Sekretaris Dewan Pimpinan Daerah (DPD) Partai Demokrat Kalimantan Tengah (Kalteng), Junaidi membenarkan, Demokrat mengusung Jimmy-Inriaty. DPP Demokrat, kataJunaidi, telah memberikan rekomendasi B1-KWK untuk pasangan Jimmy Carter–Inriaty Karawaheni.
“Bahkan, surat persetujuan pengunduran diri Jimmy Carter sebagai Wakil Ketua dan Anggota DPRD Kalteng juga telah diterbitkan,” kata Junaidi, Kamis (29/5/2025).
Surat tersebut, lanjut Junaidi, langsung diserahkan oleh Ketua Umum Partai Demokrat, Agus Harimurti Yudhoyono kepada Jimmy Carter. Dia mengatakan, salah satu alasan utama pilihan jatuh pada Jimmy Carter adalah karena merupakan kader internal yang dikenal luas masyarakat Barito Utara.
“Dengan sisa waktu hanya 90 hari menjelang pilkada, dibutuhkan figur yang tidak perlu dikenalkan lagi. Dan, Jimmy Carter sudah sangat dikenal,” tutur Junaidi.
Ketua DPD Partai Demokrat Kalteng, H Nadalsyah Koyem membenarkan, Demokrat mengusung Jimmy Carter pada PSU Jilid 2 Jimmy Carter sebagai Bupati Barito Utara. Untuk calon wakil bupati, kata dia, akan diisi oleh Inriaty Karawaheni.
Dia mengungkapkan, Inriaty Karawaheni juga sosok perempuan yang tak asing bagi masyarakat Barito Utara. Yaitu, Kepala Dinas Lingkungan Hidup (DLH) Barito Utara dan birokrat yang sudah lama mengabdi di Barito Utara.
Baca juga : Kasus Pengadaan Laptop Di Kemendikbudristek, Kejagung Periksa 28 Saksi
“Kami rasa (Inriaty Karawaheni) cocok mendampingi Jimmy,” kata Koyem.
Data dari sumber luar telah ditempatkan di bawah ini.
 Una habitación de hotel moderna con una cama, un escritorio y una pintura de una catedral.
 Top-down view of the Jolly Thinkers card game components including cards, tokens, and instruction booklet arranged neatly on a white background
Terpisah, Jimmy Carter menyatakan siap menjalankan amanah partai untuk maju sebagai Calon Bupati Barito Utara pada PSU jilid 2.
“Sebagai kader, saya siap menjalankan keputusan partai,” tegas Jimmy.
Inriaty pun siap maju sebagai calon wakil Bupati Barito Utara mendampingi Jimmy Carter. Hanya saja, Inriaty mengaku memiliki keterbatasan “modal” untuk biaya perjuangan dalam PSU jilid 2 Barito Utara.
“Saya siap jika diminta. Tapi terus terang, saya tidak punya uang,” ujarnya.
Jimmy Carter merupakan politisi Demokrat. Dia menjabat Wakil Ketua DPRD Kalteng dua periode dan adik kandung dari H Nadalsyah Koyem. Sementara Inriaty merupakan birokrat senior yang mewakili suara perempuan dan golongan minoritas di Barito Utara.
Pasangan ini disebut-sebut mendapat dukungan dari koalisi besar yang melibatkan Partai Demokrat, PDIP, Partai Golkar, Partai NasDem, dan Partai Gerindra. Namun, PDIP dan Partai NasDem masih malu-malu menyampaikan secara terbuka kepada pasangan Jimmy-Inriyati.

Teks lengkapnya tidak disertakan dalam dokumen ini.